Однажды… это было много поздней, в Одессе – когда Александр сочинил уж свой «Фонтан» – поэму, которую ждал особенный успех, Раевский, как всегда, появился у него и, узнав, что предстоит знакомство с чем-то новым, возлег на кушетку и протянул руку – словно за неизбежной данью. Нельзя сказать – читал он серьезно, не пробегая глазами – но погружаясь в чтение… Очки застывали в эти минуты на его холеном удлиненном носу… Вдруг он рассмеялся. Смех был жесткий, колючий, долгий…
– Хотел бы узнать, что так насмешило вас? – спросил Александр, бледнея и теряя голос…
– Да вот тут у вас один пассаж! – Раевский небрежно ткнул пятерней в рукопись. – Никогда не читывал подобной чуши!.. – и еще посмеялся всласть. Но видя вытянутую физиономию автора…

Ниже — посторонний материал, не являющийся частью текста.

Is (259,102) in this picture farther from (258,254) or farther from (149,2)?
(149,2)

– Тут у вас говорится… «Он часто в сечах роковых – Подъемлет саблю, и с размаха – Недвижим остается вдруг, – Глядит с безумием вокруг… « – как вы это себе представляете? Вы не были никогда в бою. А вам приходит шальная мысль описывать сражение, да еще сабельное! Наиболее тяжкое. Да если б ваш Гирей – или как там его – на секунду задумался и остановился… – он рассмеялся коротко и почти с жалостью к поэту.
– В бою – паче, сабельном… вам не снести головы – ежли вы не снесете ее кому-то другому! А «оставаться недвижным», «шептать» что-то… И как это можно – «глядеть с безумием» – не объясните? Вы совсем не знаете жизни, мой друг! Вы гадаете об ней! М-м… Не всегда удачно!
Александр вдруг расхохотался сам – легко и беспечно, согласился без споров. Ну, правда! Конечно, все так. Только… Стихи есть стихи. Им вовсе необязательно прямое сходство с жизнью… – И оставил все как есть.
– Да пусть себе! – бросил он с небрежностию. – Да пусть себе!.. – на том все и кончилось.